(Exercise objective): Nothing but the lines from the one that contains "768 NW 65th St, Miami, FL 33150 Photo" through the end of the data should be reproduced, and each must match exactly.

(Supplied material):
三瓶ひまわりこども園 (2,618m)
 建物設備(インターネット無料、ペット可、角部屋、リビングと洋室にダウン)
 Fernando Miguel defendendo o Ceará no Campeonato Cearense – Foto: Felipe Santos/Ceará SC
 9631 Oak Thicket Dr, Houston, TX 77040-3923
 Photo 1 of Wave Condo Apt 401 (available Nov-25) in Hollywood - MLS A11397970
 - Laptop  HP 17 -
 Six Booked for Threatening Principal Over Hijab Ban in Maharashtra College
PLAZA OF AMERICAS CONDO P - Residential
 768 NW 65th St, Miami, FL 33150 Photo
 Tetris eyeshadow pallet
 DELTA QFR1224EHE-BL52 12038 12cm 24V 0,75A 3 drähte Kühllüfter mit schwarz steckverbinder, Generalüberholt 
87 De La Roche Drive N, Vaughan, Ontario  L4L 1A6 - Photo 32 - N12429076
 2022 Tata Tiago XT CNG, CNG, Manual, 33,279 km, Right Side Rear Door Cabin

(Answer for the task):
 768 NW 65th St, Miami, FL 33150 Photo
 Tetris eyeshadow pallet
 DELTA QFR1224EHE-BL52 12038 12cm 24V 0,75A 3 drähte Kühllüfter mit schwarz steckverbinder, Generalüberholt 
87 De La Roche Drive N, Vaughan, Ontario  L4L 1A6 - Photo 32 - N12429076
 2022 Tata Tiago XT CNG, CNG, Manual, 33,279 km, Right Side Rear Door Cabin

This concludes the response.